Not quite free at last

Life is getting so complicated. We can't just have temperature in the winter; we have to also worry about the wind-chill factor. And we can't just consider what something costs today vs. what it cost yesterday; we also have to consider the inflation-adjusted number. Now, we have to calculate Tax Freedom Day by taking into account the deficit.

Tax Freedom Day -- the date on which Americans will have worked long enough to pay this year's tax obligations at the federal, state and local levels -- is April 13. That's eight days earlier than in 2008 and two weeks earlier than in 2007. That should be good news, but when an alternative calculation is used that adds the federal budget deficit to total taxes collected, the date becomes May 29.

This is the latest date in the year this deficit-inclusive measure has ever fallen. The only previous years when taxes and deficit spending comprised a similarly large share of national income were 1944 and 1945, at the peak of World War II. In the postwar era, this date had never fallen later than May 9 (in 1992).

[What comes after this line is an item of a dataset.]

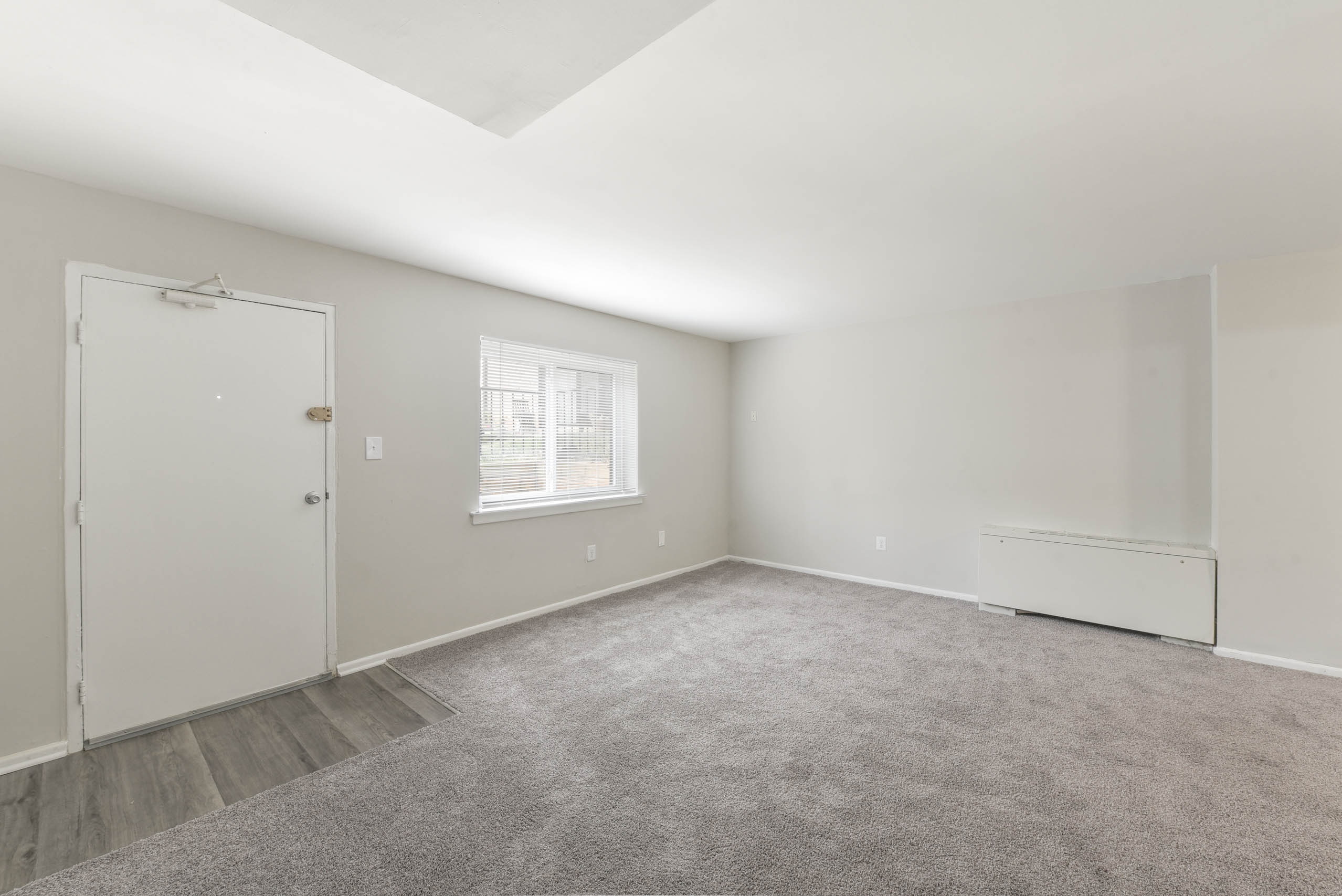 A room with a carpeted floor and a window.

I know this is all just a "playing with numbers in our heads" game, but it's disheartening anyway. Oh, for all you "Indiana is a low-tax state" and "Indiana, land of taxes" partisans, we fall neither in the top 10 or the bottom 10 for tax burdens as measured by Tax Freedom Day.

Comments

tim zank
Wed, 04/01/2009 - 3:08pm

Look on the bright side Leo, you won't have to worry about it too long. As Der Leader's first term comes to an end, there will be no Tax Freedom Day and the point will be moot.

It'll be 24-7, 365 a year for the State.
"Yes we can" just became "Yes you will".